It became a fine art, setting questions that danced teasingly on the tips of tongues. Those were the days Before Google. Nowadays it is actually quite hard to set a question that’s unGoogleable, and as a result the “recall versus knowledge” principle must be under severe attack. Particularly in today’s age of ubiquitous communication. I lost interest in the UK quiz scene once mobile phones with Web browsers and Shazam entered the scene; too many people resorted to, shall we say, alternate and assisted modes of recall.
Since then, just for fun, I’ve been quietly compiling lists of questions that can’t be Googled. Which means I look at many things with an unusual perspective. Take today for example. I was “watching” the cricket in Dhaka, and when I ran down the names of the Indian team, I noticed something:
The average surname-length of the team was below 6 letters, just 63 letters across the eleven people. Very unusual. [Incidentally, I also noticed that I have children older than half the team, a sure sign of my age].
So. Cricket fiends amongst you. What’s the shortest team you can come up with, the one that would trouble the scorers the least to put up. 63 is the target to beat. Sehwag Gambhir Sharma Singh Pathan Dhoni Raina Pathan Chawla Kumar Sharma. [I remember some Leicestershire and Northamptonshire teams in the early 1980s that had quite a few short-named players, must check].

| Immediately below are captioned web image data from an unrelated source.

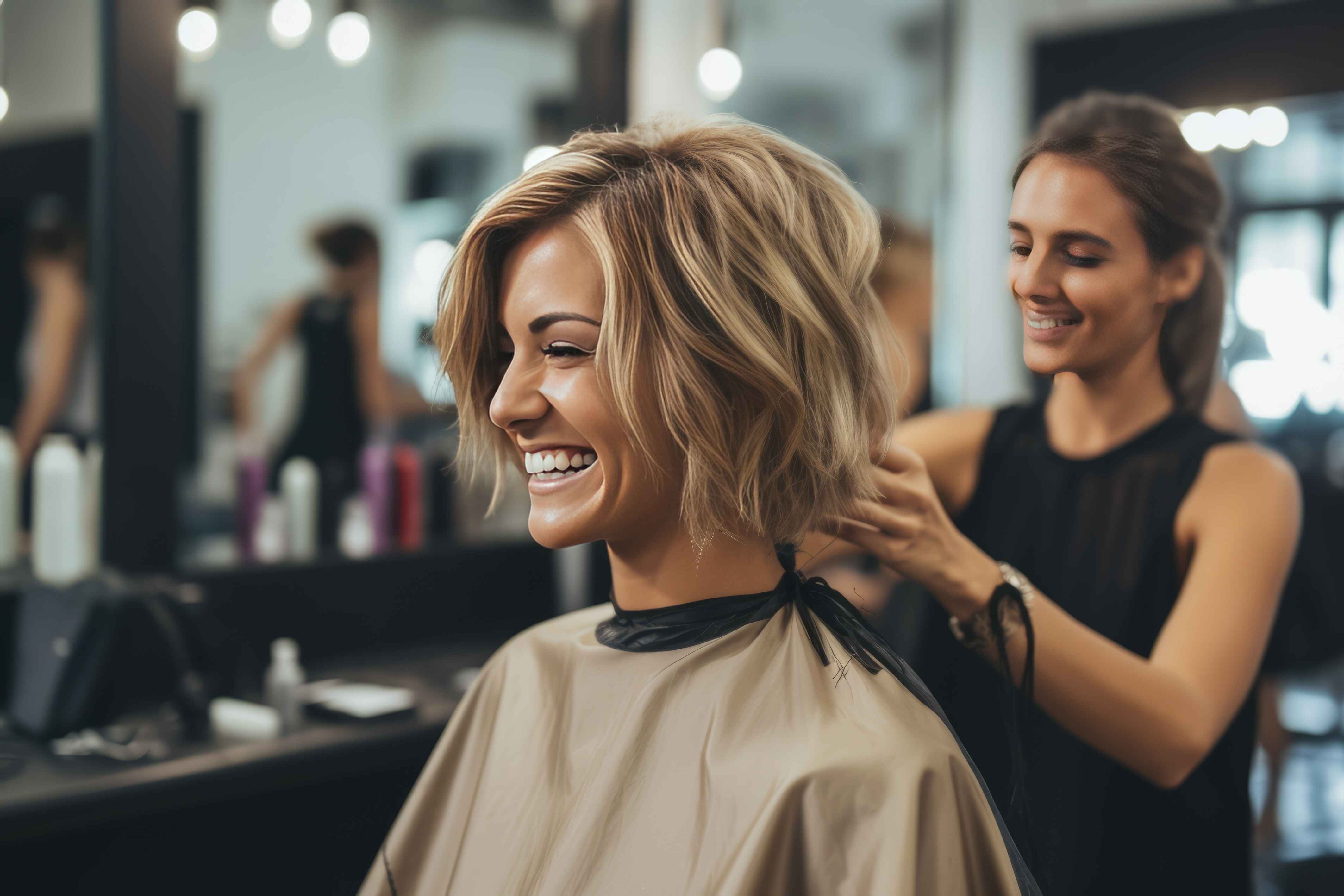 Barber Shop Salon Hair Cutting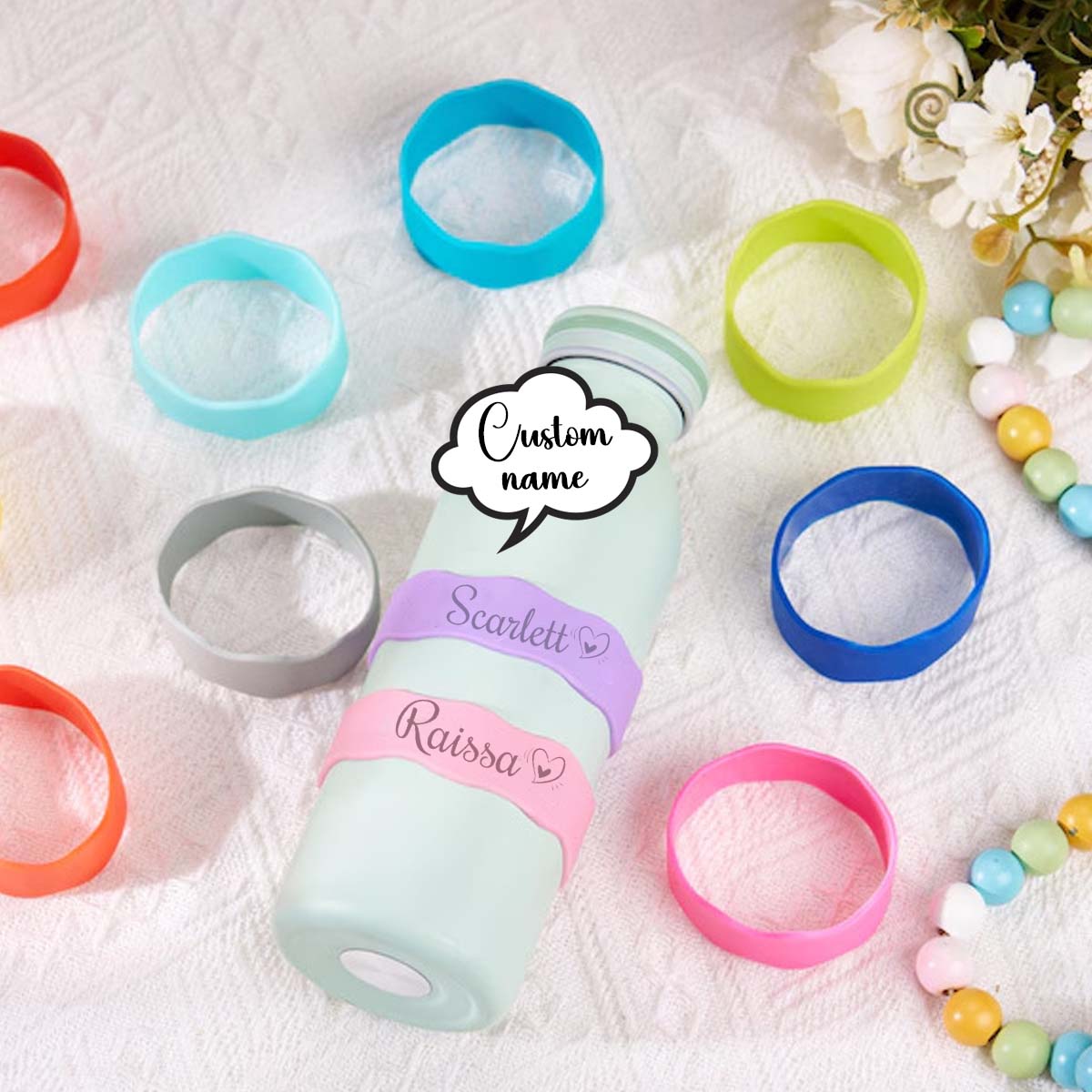Custom Name Silicone Tumbler S - Kids Outdoor Decor review and price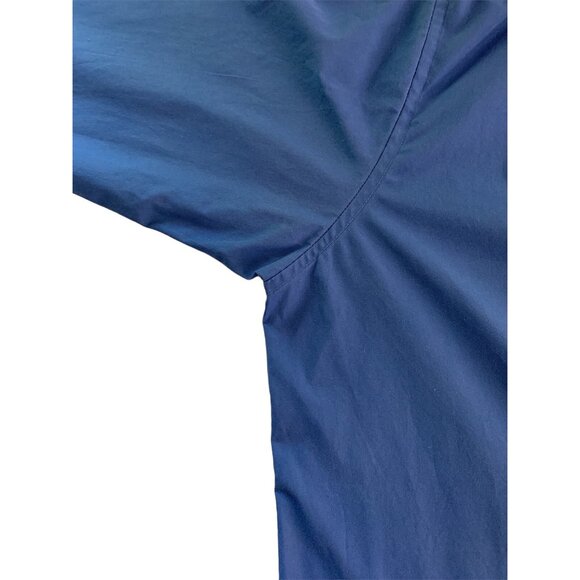 Van Heusen Mens Long Sleeve Button-Up Shirt Blue Size XL 17 34/35 - Picture 6 of 12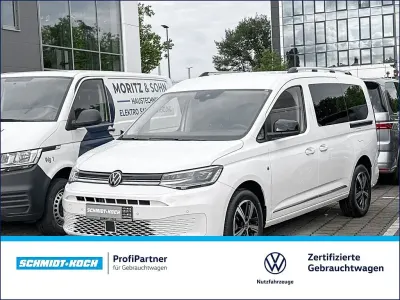 Brugt VW Caddy Style 122 HK (89 kW) 2025 Hvid MPV
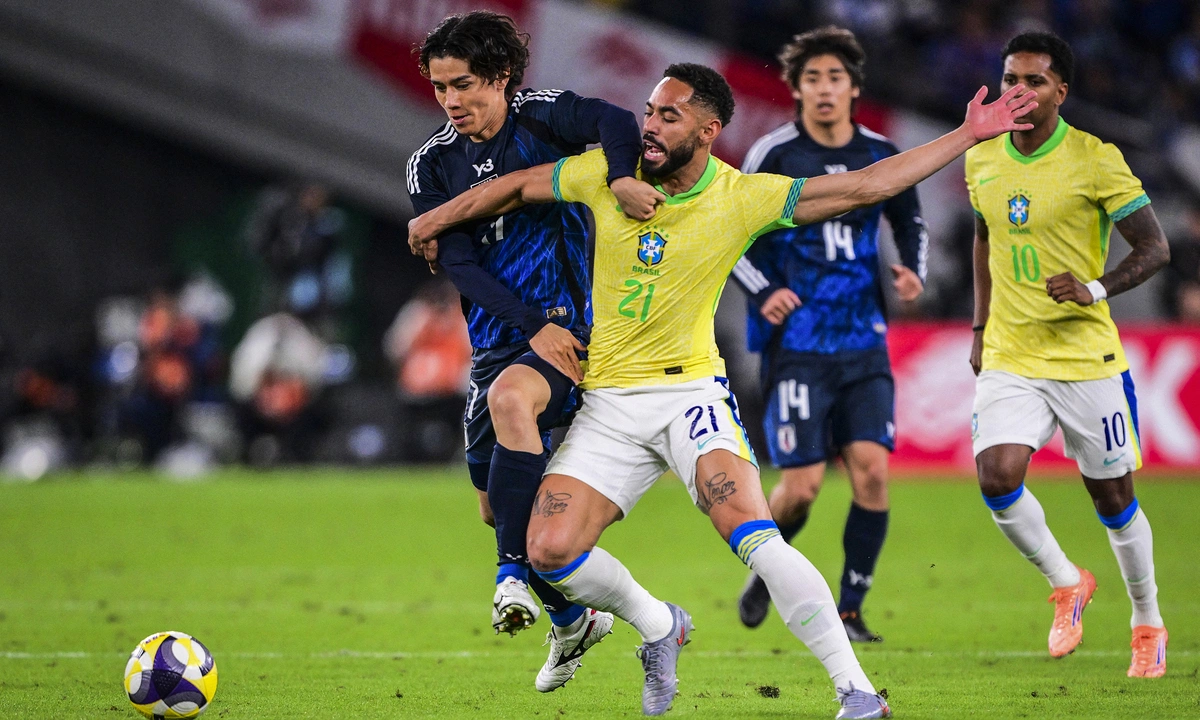 Link vào nhà cái F168: Truyền thông Brazil lo ngại trước khả năng đối đầu Nhật Bản tại World Cup 2026 - hình ảnh - f168winn.com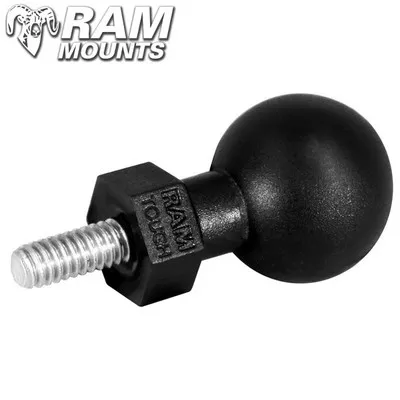 Ram Mounts 1″ Tough-Ball with 1/4″-20 X .25″ Male Threaded Post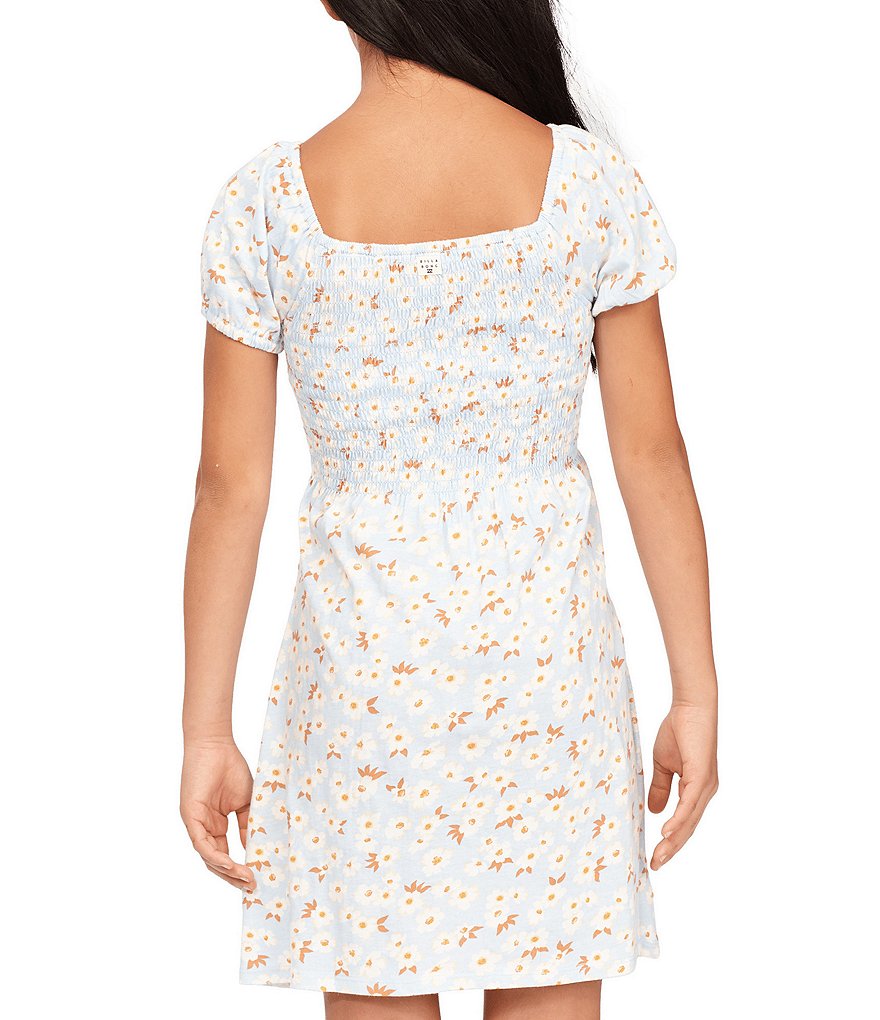 Peek Little/Big Girls 2T-12 Embroidered Chambray A-Line Dress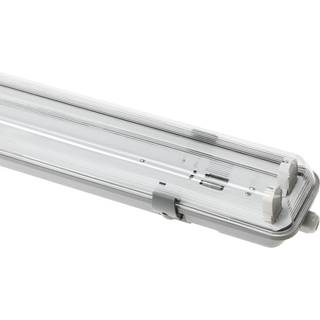 Limea LED armatur for LED rør 2x60cm IP65
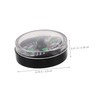 CORHAD Compass 20mm Plastic Outdoor Compass for Hiking Camping Navigation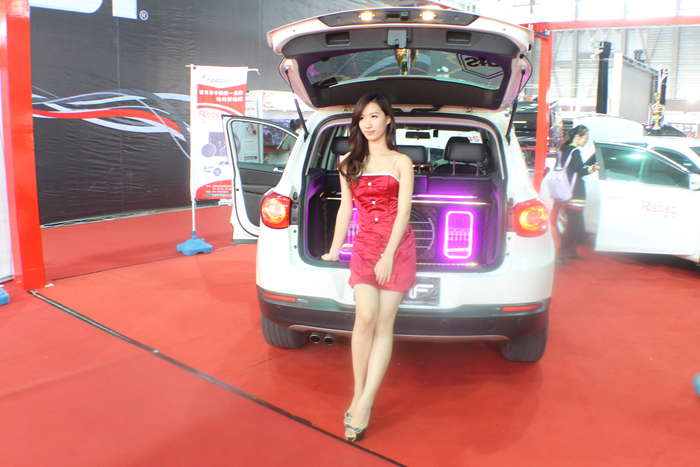 2014上海汽车改装展，上海音豪闪耀登场！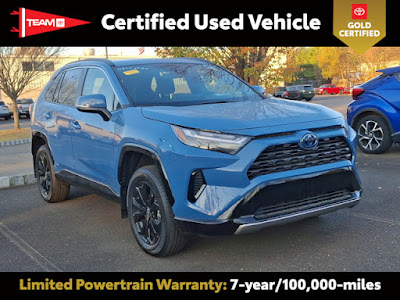 2024 Toyota RAV4 Hybrid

Incidentally, the full name letter count could also be a record. 68 plus 63 makes 131. That’s low. That is very low … for a country that has had a President named Sarvapalli Radhakrishnan, a singer called Madurai “MS” Subbulakshmi, a composer named Laxmikant Kudalkar; and cricketers named Srinivasa Venkataraghavan and Bhagwat Chandrashekhar. [My own name and surname take up 21 letters].